人間の身体というものはとても奥深く、様々なアプローチがあると思います。
様々な種類の施術家、セラピスト、インストラクターの方々と接する機会がありますが、形は違えど最終的にそのどれもが目指している場所は同じなんです。
クライアントさんの健康であり、個の充実ということ。
それを違う角度から見ていたり、異なったアプローチを取っているというだけのことなんですよね。
目的が忘れられ、手段が目的になってしまう危険性
各々のやり方で、個の充実をサポートしていくということをやっているわけですが、気をつけなければならないことがあります。
これは治療やエクササイズ、ムーブメントなどに関わっていると特にそうです。
どのやり方にせよ最大の目的は、「その方の身体が本来持つ機能を効率よく使えるように or 損なわないようするために」ということ。
その目的の為に手助けする手段として考えられたのがエクササイズであり、治療のやり方や各種アプローチであったはず。
しかしいつのまにかその本来の目的がないがしろにされ
「このような形でエクササイズを行わせること」
「このやり方で治療を行うこと」
「こうやってアプローチをすること」
このような形で焦点が当てられすぎて、それ自体が目的となってしまっている。
「こうでなければならない」という概念が生まれてしまっています。
資格の弊害
こういったものは「資格」の弊害なのかもしれません。
その「資格試験」に合格するために入れた知識が「正解」になってしまっている。
もちろん、間違っているわけではないのですが、それ「だけ」が正しく、ほかは間違っている、となるのは怖いことだと思います。
僕もいくつも資格を取りました。
基本的に自分が資格を取得するときは、自分が進みたい方向の知識を系統立てて教えてくれるものを選んでいます。

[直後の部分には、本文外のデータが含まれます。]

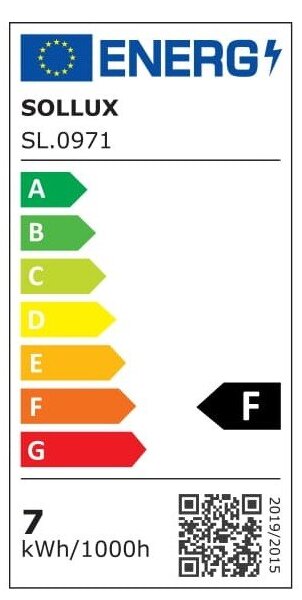 Neutralna LED žarulja E14, 7,5 W – Sollux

資格のために、というよりは自分が進みたい方向に行っていたら資格というものがあった、という感覚の方が強いです。
すでに更新せずに失効しているものもありますが、身体に関するものだけでも
・ATC (全米公認アスレティックトレーナー)
・CSCS (Certified Strength and Conditioning Specialist:更新せずすでに失効)

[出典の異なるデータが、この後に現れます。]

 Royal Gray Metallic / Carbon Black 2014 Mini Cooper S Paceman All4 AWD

・PES (Performance Enhancement Specialist)
・Certified Rolfer™ (公認ロルファー)
・Source Point Therapist(ソースポイント)
・BodyTalk (ボディトーク)
と色々あります。(2017年現在)
資格試験って緊張しますよね。
たくさん勉強もしてきて頑張ってきたし、受かったらとっても嬉しい。
「努力が報われた!」という気がしますよね。
達成感も気持ちが良いです。
ただそれでも忘れないで欲しいのは
その資格を《取ることが目的》ではなく
その資格を《取る過程で身につけた知識や技術でクライアントの方々を手助けする》
ということが目的だったはず、ということ
形にこだわりすぎない
「良い姿勢とはこういうものです」
「このエクササイズはこうやらなければいけない」
「あなたはこうなんです」
見えているものだけにこだわりすぎていると(執着していると)、見落としてしまうことがたくさんあります。
応用を効かせることもできなくなってしまいます。
例えば背骨のS字カーブが「こうでなければならない」となっていたら、側湾症の方にはどのようにアプローチするのでしょうか。

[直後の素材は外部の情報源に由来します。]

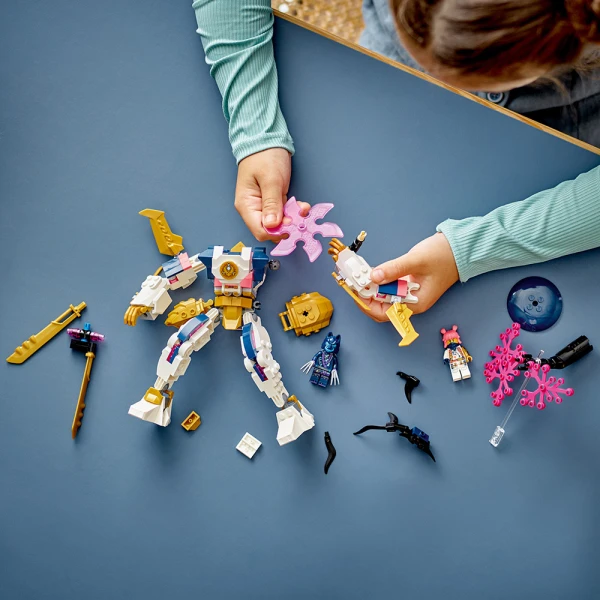 LEGO® NINJAGO® SORAʼS ELEMENTAL TECH MECH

側弯を持っていない方と同様のことができなければいけないのでしょうか。
それではきっとお互いに「やらせる・やらされる」の関係で苦しくなってくるし、労力の割に成果が得られなくなるでしょう。
何より、そのクライアントの方をサポートする、ということは到底難しいでしょう。
そうではなくて、例えば背骨本来の機能と目的を考えて、それに近づくためのアプローチを考え、提示していくというのはどうでしょうか。
安全面を考慮した上で「こうでもいいんだよ」「これもありじゃない」というスタンスを持つことは大事です。
(身体の機能を考えていれば基本的には安全なはずではありますが)
目的を見失わない
おそらく、資格を創設された方や初期の方は、このあたりのことは「当たり前に・自然に」考えていたし、大切に思っているはずです。
わざわざ口に出したり、文章にしなくてもいいほどに「当たり前」のこととして捉えていると思います。
ただ、時が流れ、規模が大きくなるにつれて、それが薄まってしまっていっていることもあるのだと。
それはもしかしたら忙しい現代社会の風潮なのかもしれません。
ただやはり
「目的は何なのか」
「それを行う意図は何なのか」は大切にしていきたいですね。
より良い状態でいたいと、わたし達の元にたどり着いたクライアントの方々のこれから先の道に光を照らし続けていくためにも。